_Recorded information_:
----

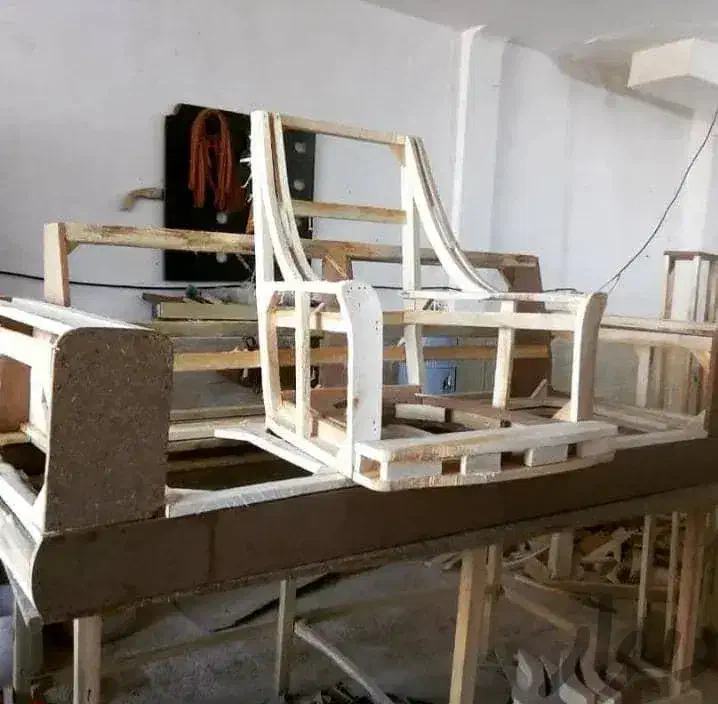 کلاف خام|مبلمان خانگی و میز عسلی|خسروشاه, |دیوار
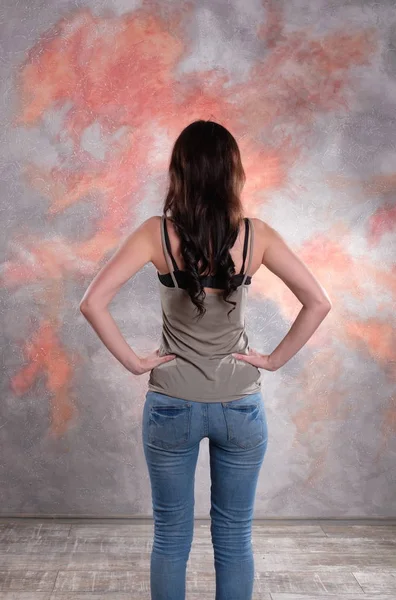 Estúdio de mulher deslumbrante tiro. Vestindo camiseta e jeans . — Fotografia de Stock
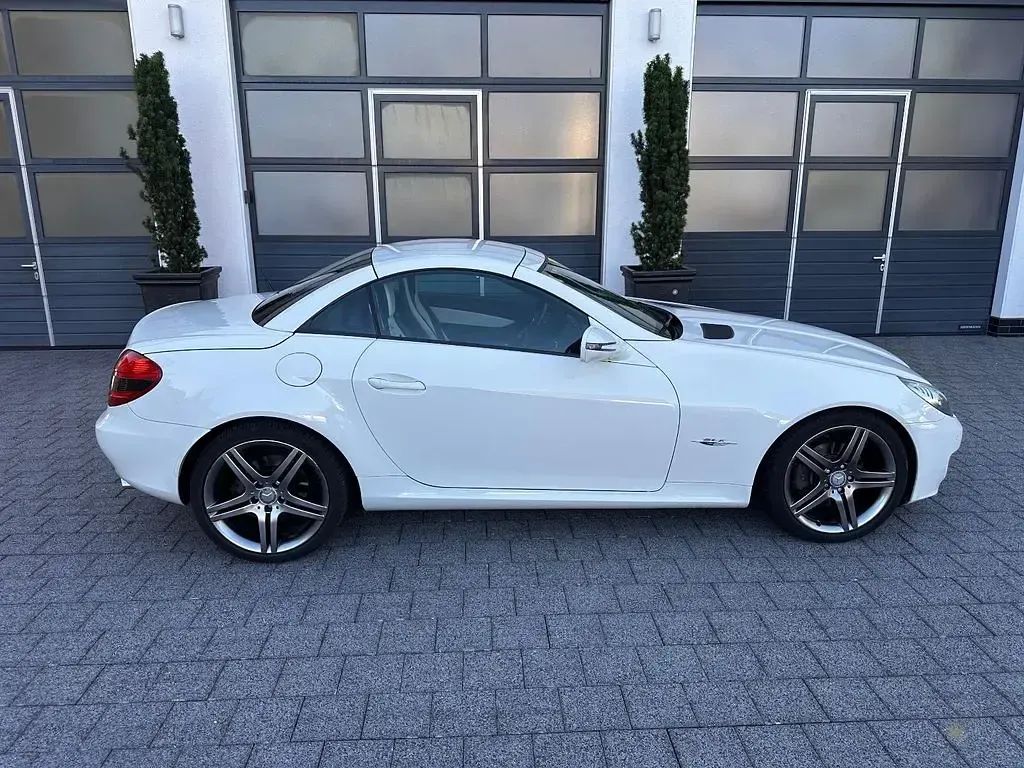 Gebraucht Mercedes SLK300 2LOOK Edition 231 PS (169 kW) 2009 Weiß Cabrio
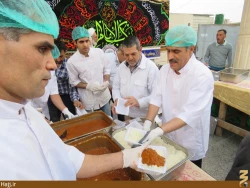 قيمه نذري در موكب امام رضا (ع)+تصاوير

----

_Problem to work on_: From the first line to the last, copy the listing above exactly, dropping all images.

_Answer for this exercise_:
 کلاف خام|مبلمان خانگی و میز عسلی|خسروشاه, |دیوار
 Estúdio de mulher deslumbrante tiro. Vestindo camiseta e jeans . — Fotografia de Stock
 Gebraucht Mercedes SLK300 2LOOK Edition 231 PS (169 kW) 2009 Weiß Cabrio
 قيمه نذري در موكب امام رضا (ع)+تصاوير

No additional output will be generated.